** Data for processing follows **

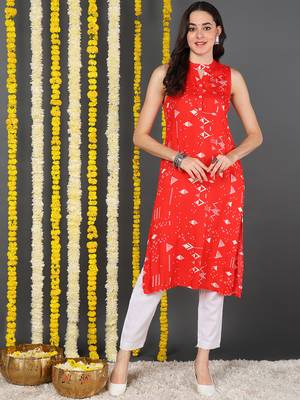 women red cotton quirky printed straight kurta 2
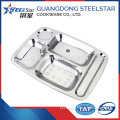 Stainless Steel Canteen Serving Tray/Dinner Plates/Fast Food tray with 5 compartment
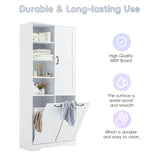 SOFTSEA 68" Double Tilt Out Laundry Hamper, Tall Bathroom Storage Cabinet with Hidden Laundry Basket & Adjustable Shelf, Freestanding Bathroom Cabinet with Doors and Open Shelves, White SOFTSEA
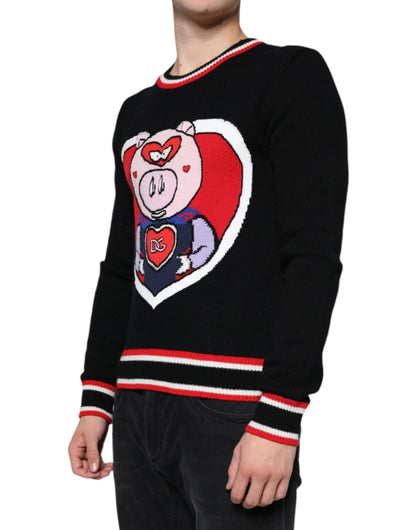 Black Cashmere Pig of the Year Pullover Sweater-Dolce & Gabbana-LabelTerrace.com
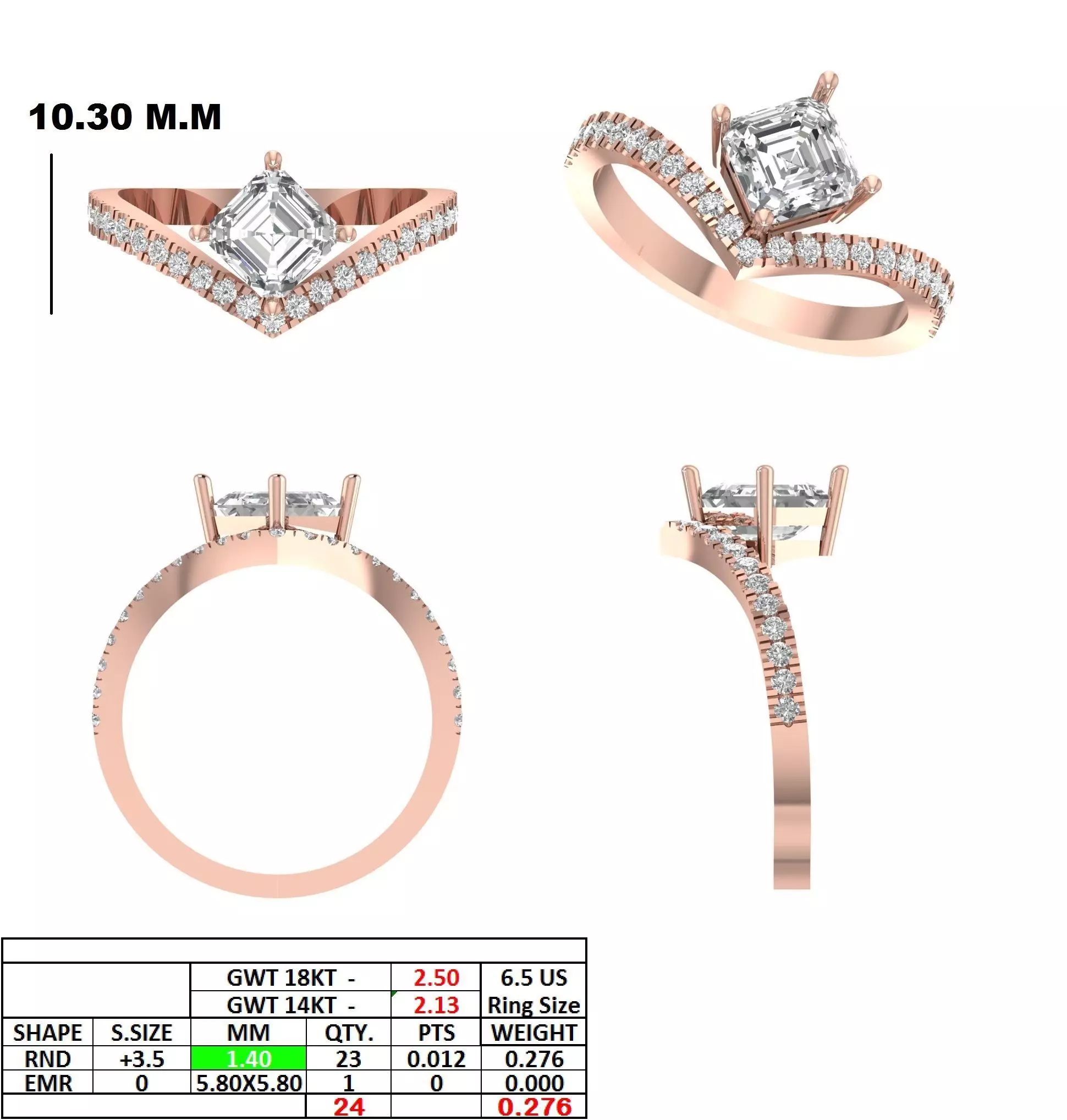 V Shape Chevron Curve Asscher Cut Wedding Ring 3DM STL Video 3D print model_15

** End of Data for processing **

Problem to work on> Please reproduce every entry above exactly, but leave out the pictures.

Exercise output>
 women red cotton quirky printed straight kurta 2
 Stainless Steel Canteen Serving Tray/Dinner Plates/Fast Food tray with 5 compartment
 SOFTSEA 68" Double Tilt Out Laundry Hamper, Tall Bathroom Storage Cabinet with Hidden Laundry Basket & Adjustable Shelf, Freestanding Bathroom Cabinet with Doors and Open Shelves, White SOFTSEA
 Black Cashmere Pig of the Year Pullover Sweater-Dolce & Gabbana-LabelTerrace.com
 V Shape Chevron Curve Asscher Cut Wedding Ring 3DM STL Video 3D print model_15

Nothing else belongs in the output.